The preparation of those who have already been validly baptised in another church or religious denomination differs from that of the unbaptised. Because they have already been baptised, they are already Christian, and as Christians, should not be confused with those who are in the process of becoming Christians.

Their doctrinal and spiritual preparation for reception into full Catholic communion is determined according to the individual case, and will depend on the extent to which the baptised person has led a Christian life within a community of faith, and been appropriately instructed to deepen his or her inner devotion and faithfulness to the Church.

For those who have been baptised but who have never been instructed in the Christian faith or lived as Christians, it is appropriate for them to receive much of the same instruction in the faith as those unbaptised, but they do not participate in the specific ceremonies intended for the unbaptised, unless they have received no Christian instruction and formation.
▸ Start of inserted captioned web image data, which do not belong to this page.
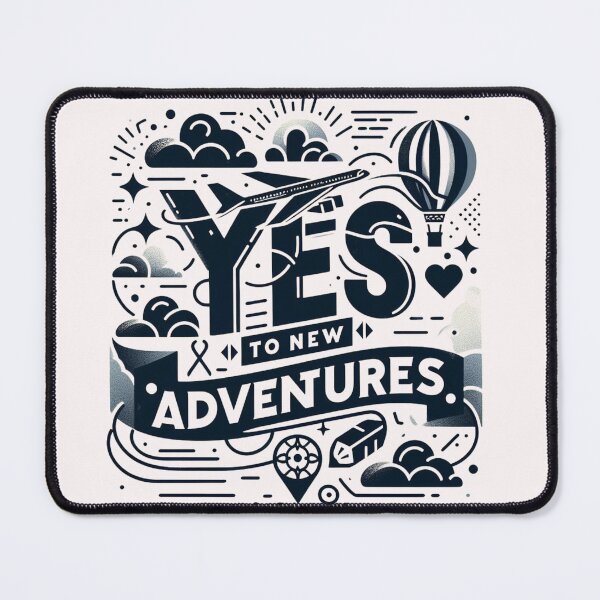 Item preview, Say YES to new ADVENTURES designed and sold by CoussaZau.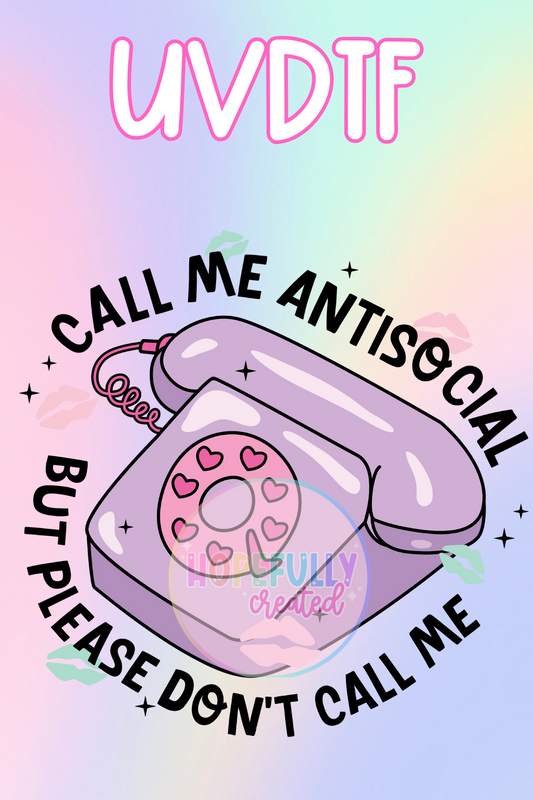 Call me Antisocial UVDTF Decal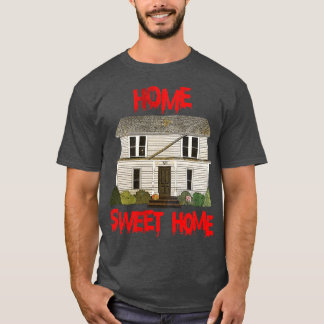 Home Sweet Home T-shirt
Bringing people into the Catholic Church

As the representatives of the Catholic community, the RCIA Team and Sponsor (support person) will help you decide your readiness to make the commitment to Christ in and through the Church. A decision which we as a community support and celebrate.

How an adult becomes a member of the Catholic Church
RCIA stage 1: Just Looking! (Pre-Catechumenate/Inquiry)

RCIA stage 2: Learning about the Faith (The Catechumenate)

RCIA stage 3: Getting ready for rebirth! (Period of Purification and Enlightenment)

RCIA stage 4: Reflecting on the mysteries of the Mass (mystagogy)

The journey begins with one small step!

For further information about the RCIA, contact Ina and Norman Heffernan on 02 4732 1751.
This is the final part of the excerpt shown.